**TASK DIRECTIONS:** Each line from the one holding "Alt View 1." to the last line below must be restated word for word, and no picture may be included.

Dataset records
*** Block opens ***

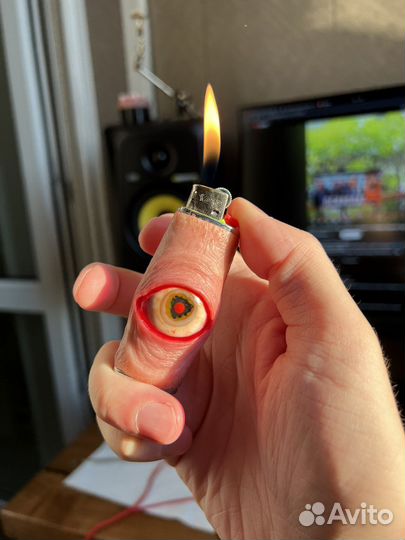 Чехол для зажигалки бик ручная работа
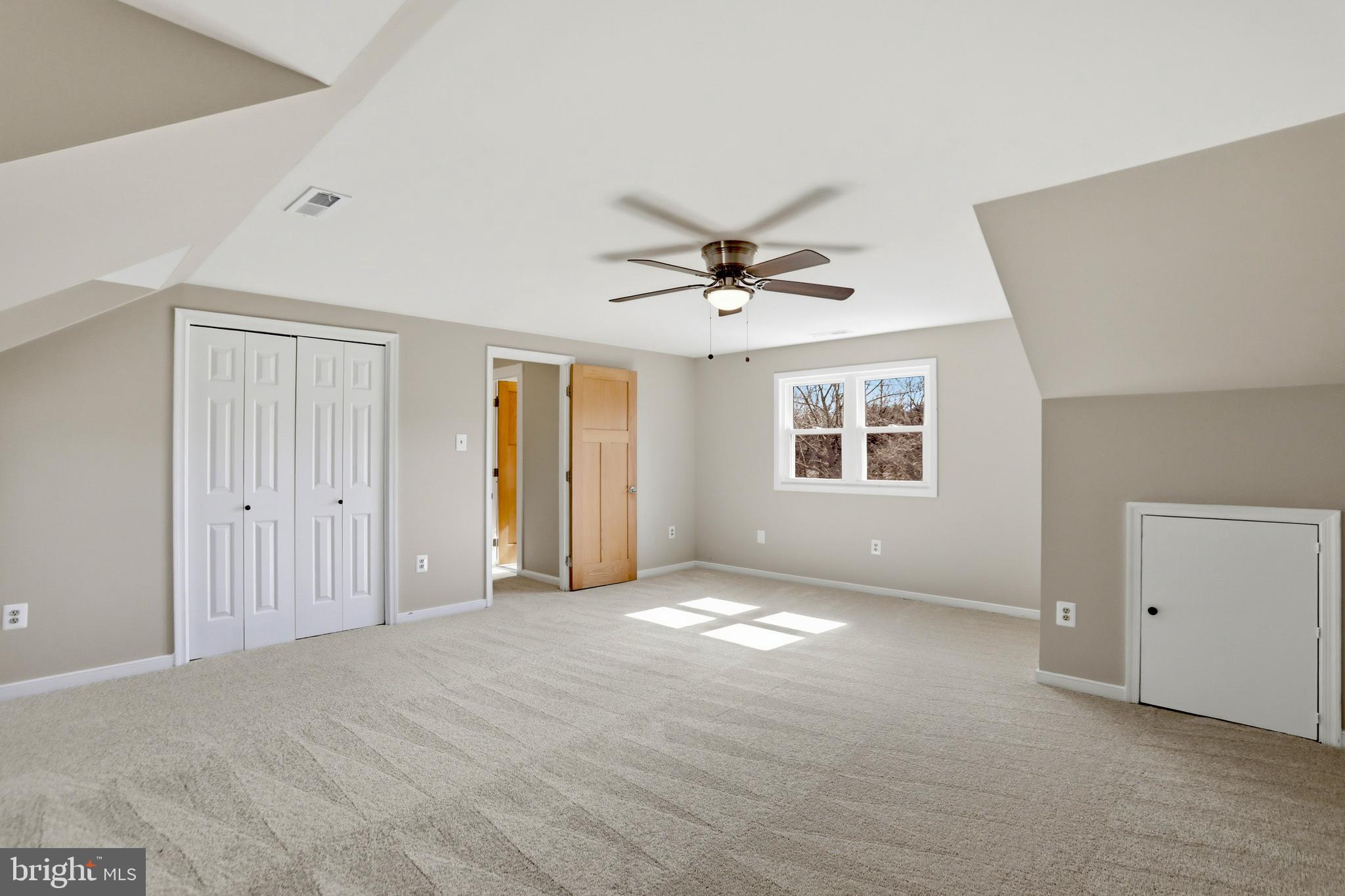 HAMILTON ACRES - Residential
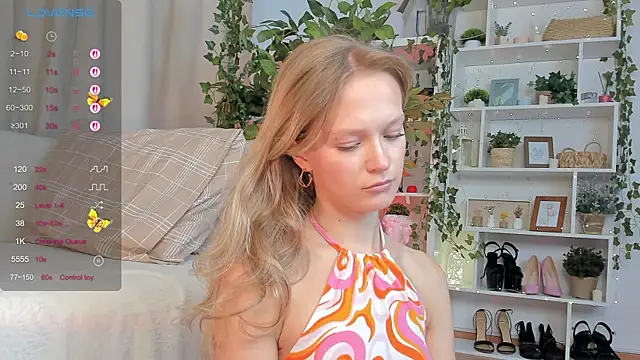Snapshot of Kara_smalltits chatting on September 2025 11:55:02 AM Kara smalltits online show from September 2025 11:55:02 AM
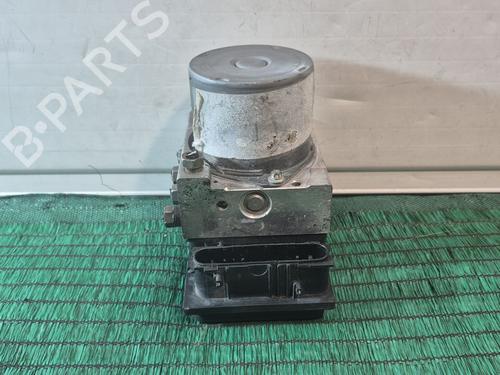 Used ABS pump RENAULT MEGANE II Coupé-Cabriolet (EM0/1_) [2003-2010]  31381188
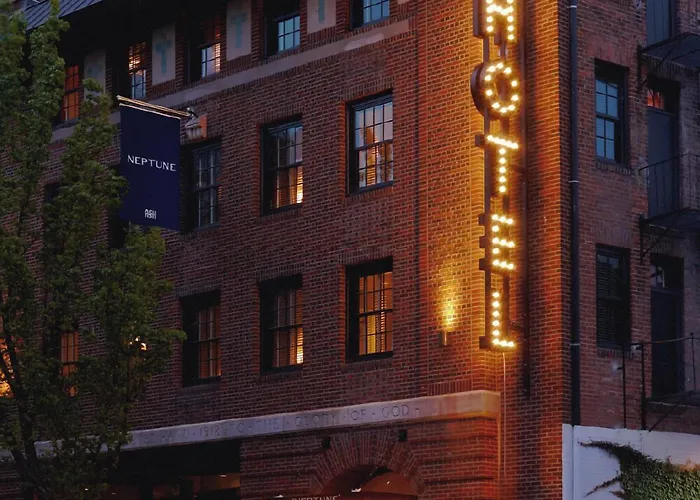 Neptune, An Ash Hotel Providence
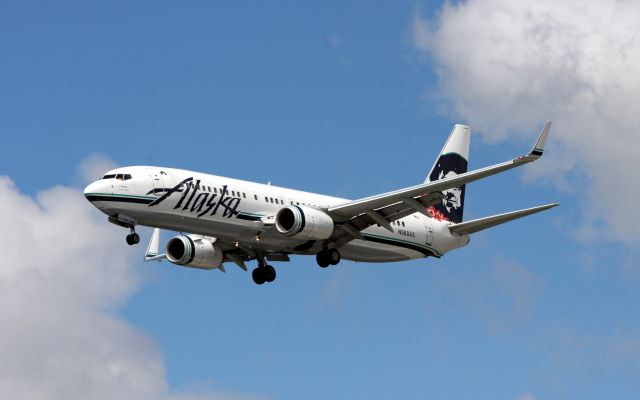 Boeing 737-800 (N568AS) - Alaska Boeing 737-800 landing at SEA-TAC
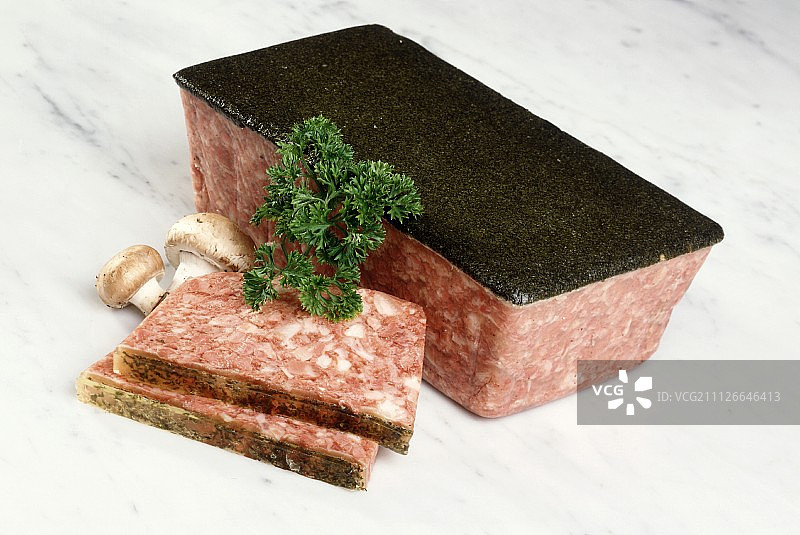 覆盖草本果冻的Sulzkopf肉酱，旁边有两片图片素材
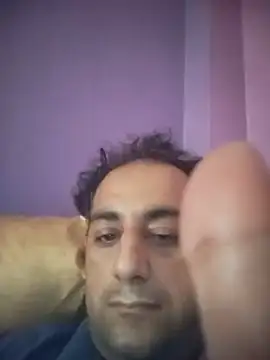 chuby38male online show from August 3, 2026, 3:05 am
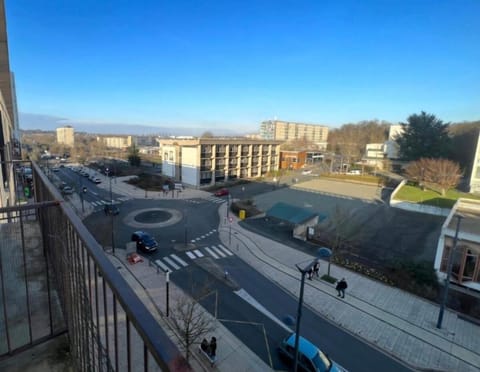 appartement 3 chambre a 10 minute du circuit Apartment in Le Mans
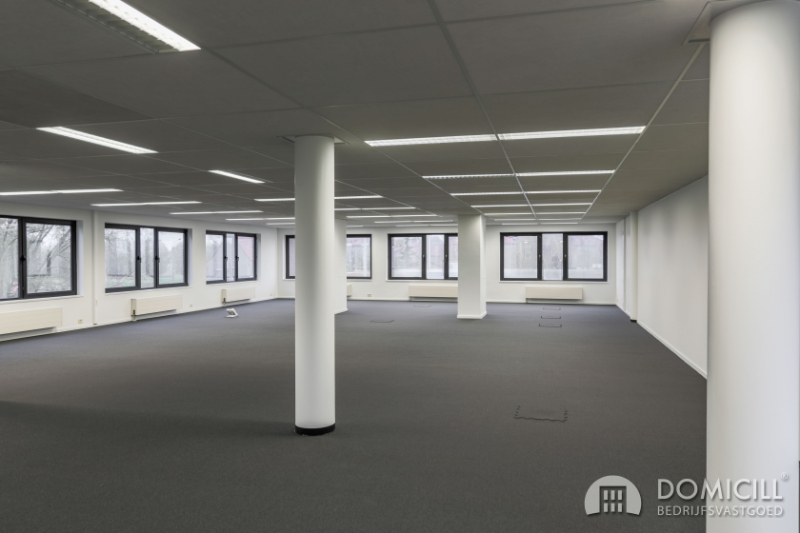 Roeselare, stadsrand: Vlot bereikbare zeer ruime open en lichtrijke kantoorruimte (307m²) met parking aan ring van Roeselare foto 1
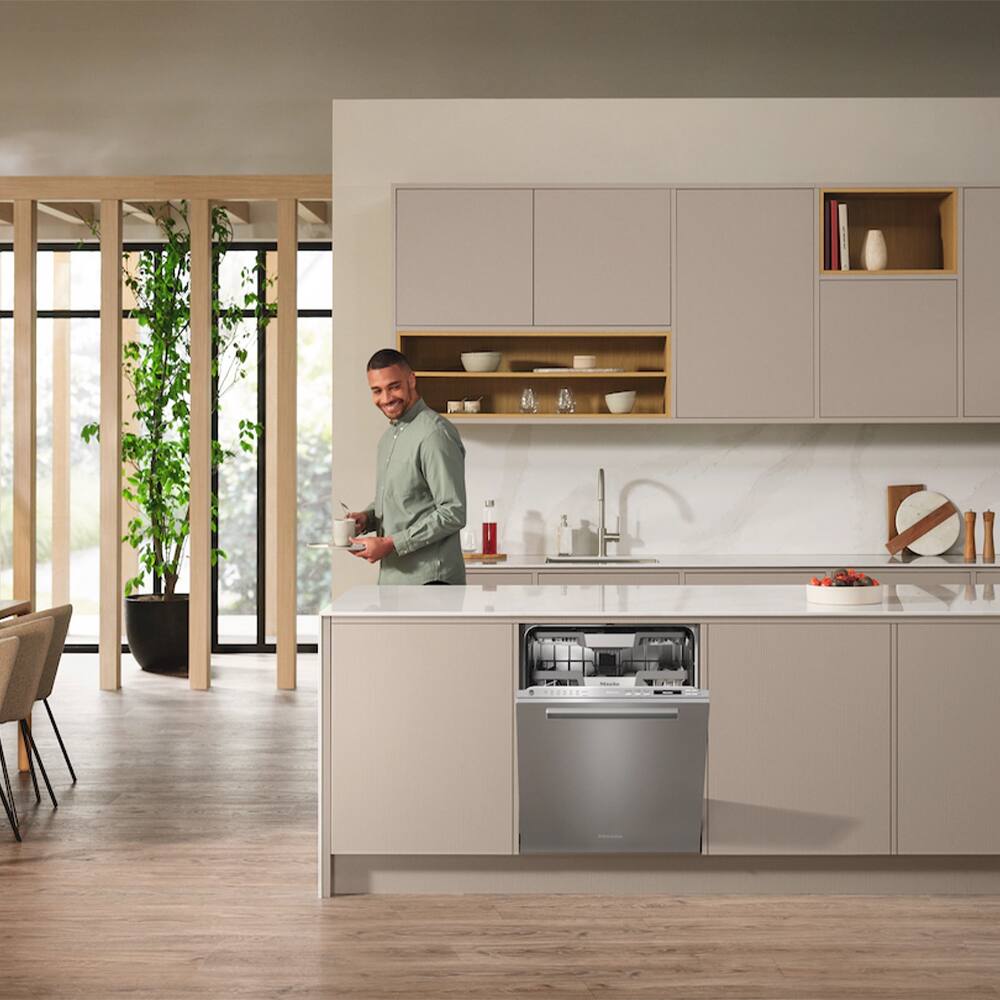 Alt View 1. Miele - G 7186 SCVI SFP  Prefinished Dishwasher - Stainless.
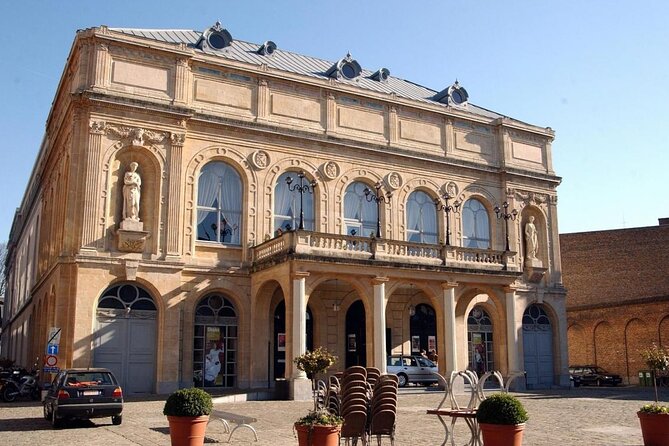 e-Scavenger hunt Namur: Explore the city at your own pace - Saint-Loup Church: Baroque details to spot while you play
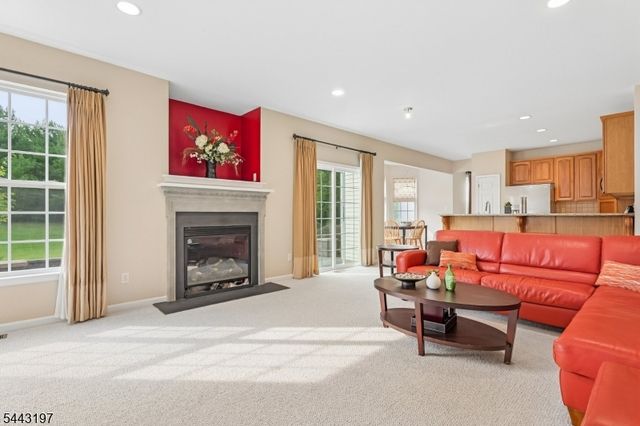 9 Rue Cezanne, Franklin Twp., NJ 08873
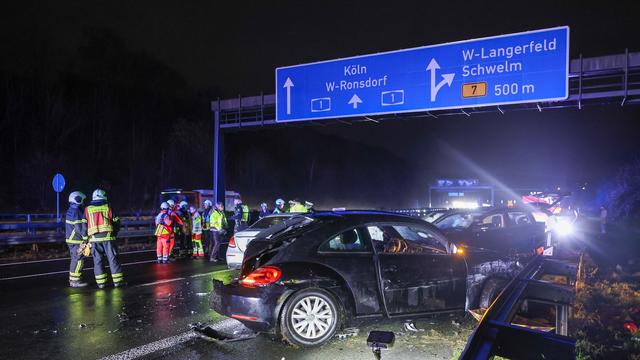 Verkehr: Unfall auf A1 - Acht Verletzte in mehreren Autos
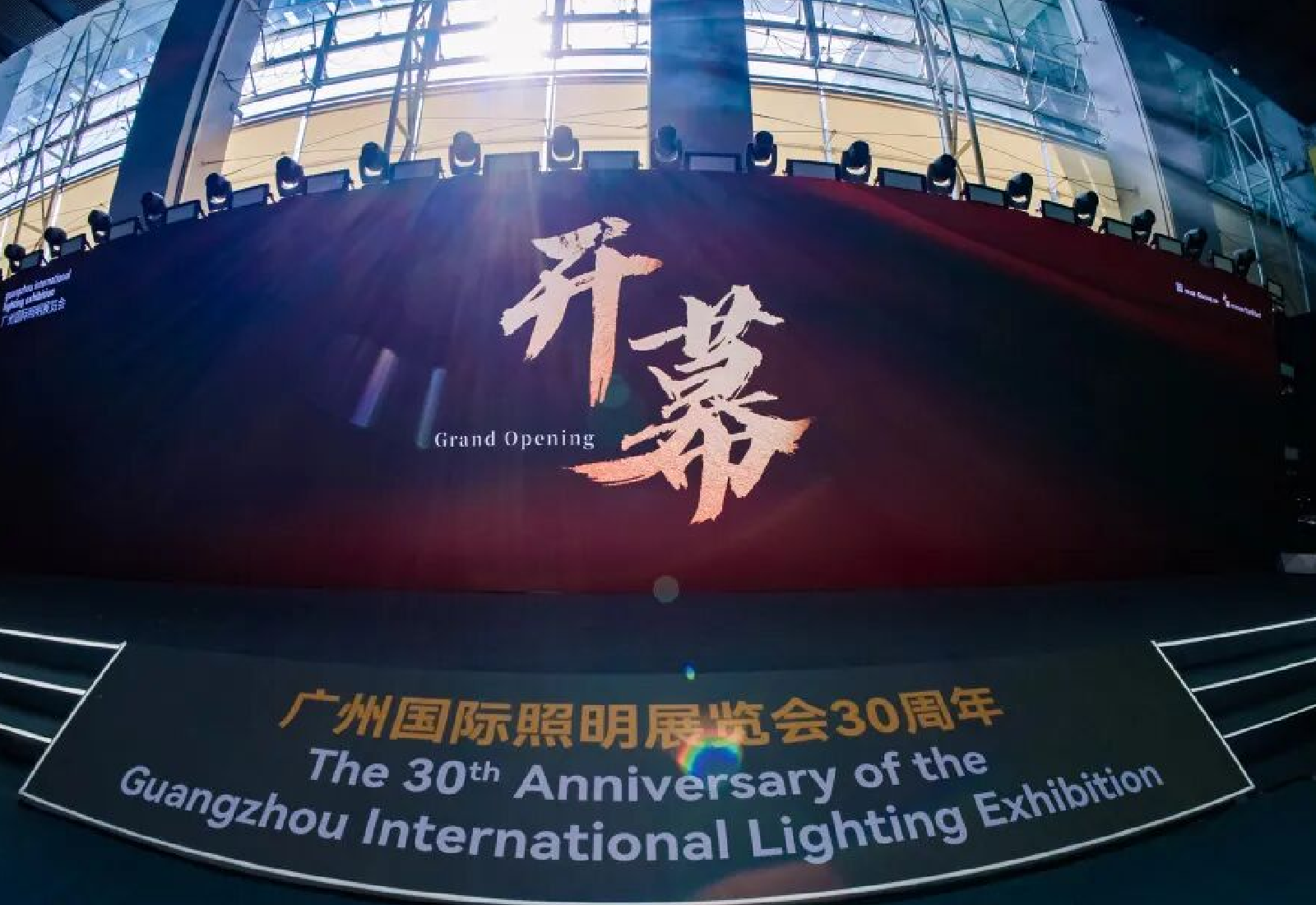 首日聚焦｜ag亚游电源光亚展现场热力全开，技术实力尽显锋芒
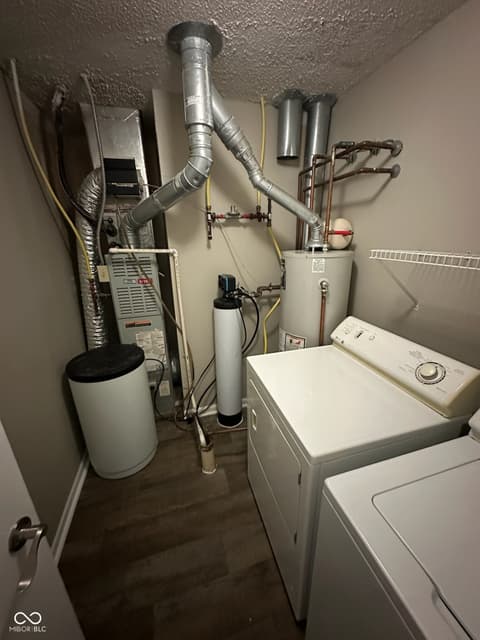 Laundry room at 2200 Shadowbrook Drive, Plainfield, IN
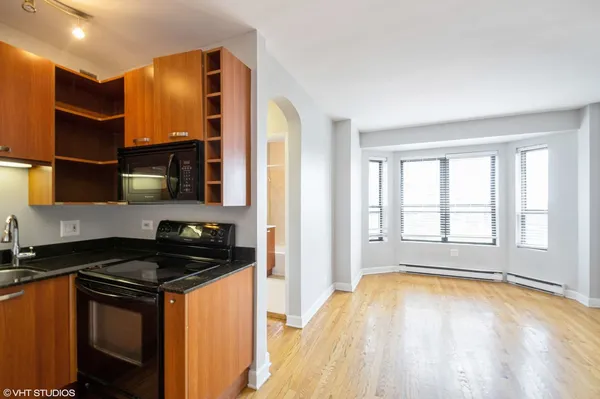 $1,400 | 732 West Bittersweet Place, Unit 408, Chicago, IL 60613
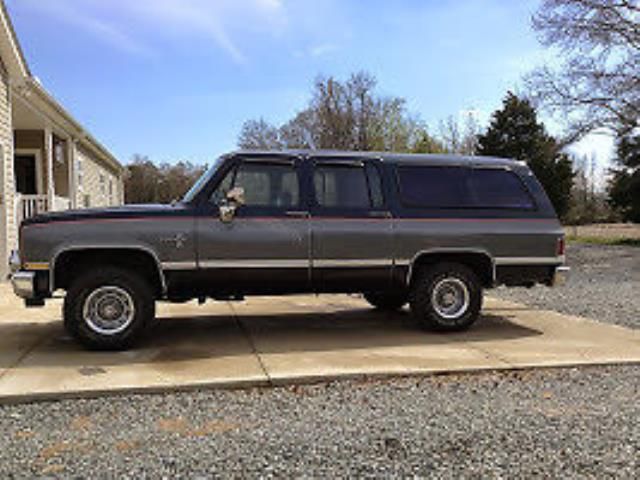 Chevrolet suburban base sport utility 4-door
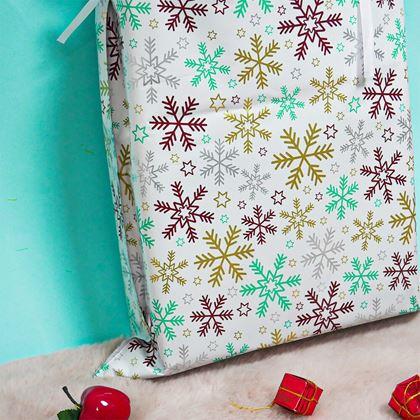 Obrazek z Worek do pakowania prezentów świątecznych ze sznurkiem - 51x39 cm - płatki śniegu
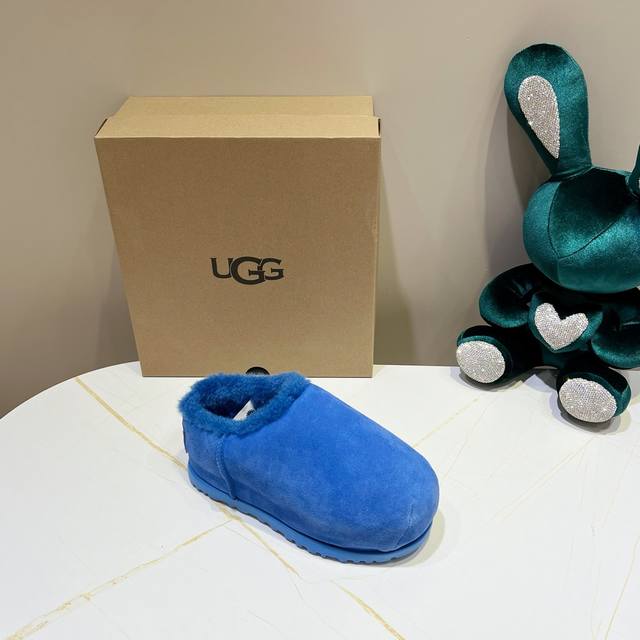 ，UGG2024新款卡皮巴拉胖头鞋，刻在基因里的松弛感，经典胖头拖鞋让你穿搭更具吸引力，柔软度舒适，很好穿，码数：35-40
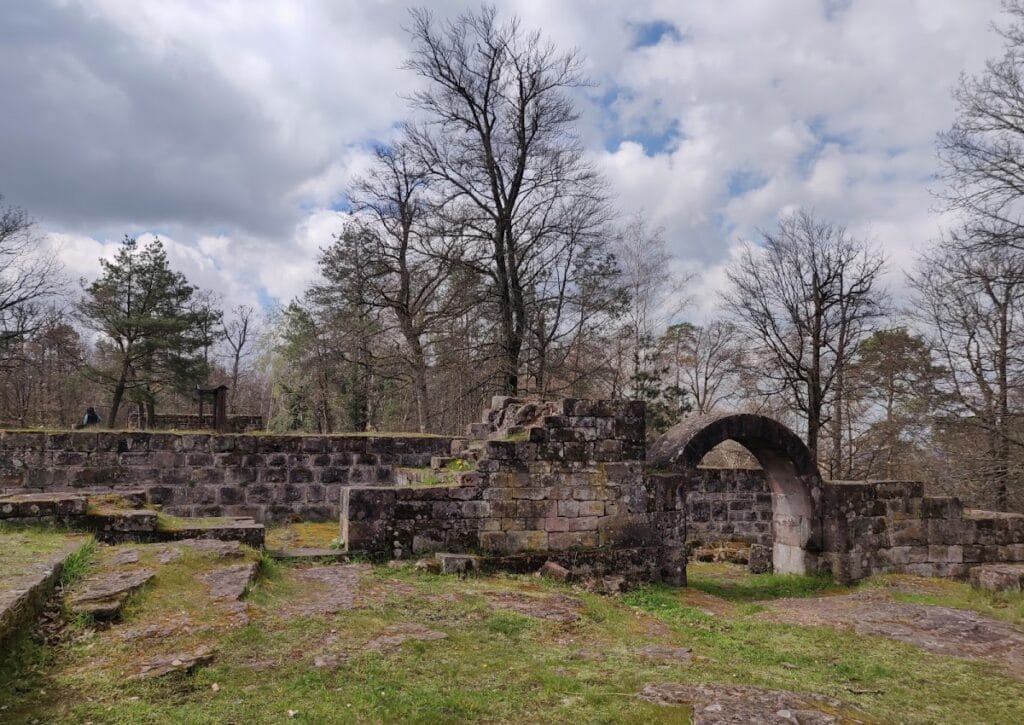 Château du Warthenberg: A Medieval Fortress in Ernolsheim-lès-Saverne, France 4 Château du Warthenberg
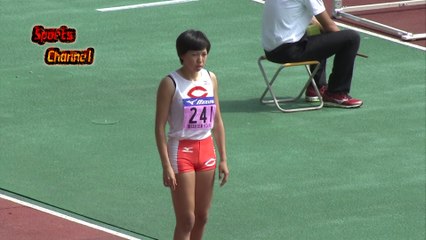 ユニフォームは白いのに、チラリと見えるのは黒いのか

*** Block closes ***

**SOLUTION FOR THIS EXERCISE:**
 Alt View 1. Miele - G 7186 SCVI SFP  Prefinished Dishwasher - Stainless.
 e-Scavenger hunt Namur: Explore the city at your own pace - Saint-Loup Church: Baroque details to spot while you play
 9 Rue Cezanne, Franklin Twp., NJ 08873
 Verkehr: Unfall auf A1 - Acht Verletzte in mehreren Autos
 首日聚焦｜ag亚游电源光亚展现场热力全开，技术实力尽显锋芒
 Laundry room at 2200 Shadowbrook Drive, Plainfield, IN
 $1,400 | 732 West Bittersweet Place, Unit 408, Chicago, IL 60613
 Chevrolet suburban base sport utility 4-door
 Obrazek z Worek do pakowania prezentów świątecznych ze sznurkiem - 51x39 cm - płatki śniegu
 ，UGG2024新款卡皮巴拉胖头鞋，刻在基因里的松弛感，经典胖头拖鞋让你穿搭更具吸引力，柔软度舒适，很好穿，码数：35-40
 Château du Warthenberg: A Medieval Fortress in Ernolsheim-lès-Saverne, France 4 Château du Warthenberg
 ユニフォームは白いのに、チラリと見えるのは黒いのか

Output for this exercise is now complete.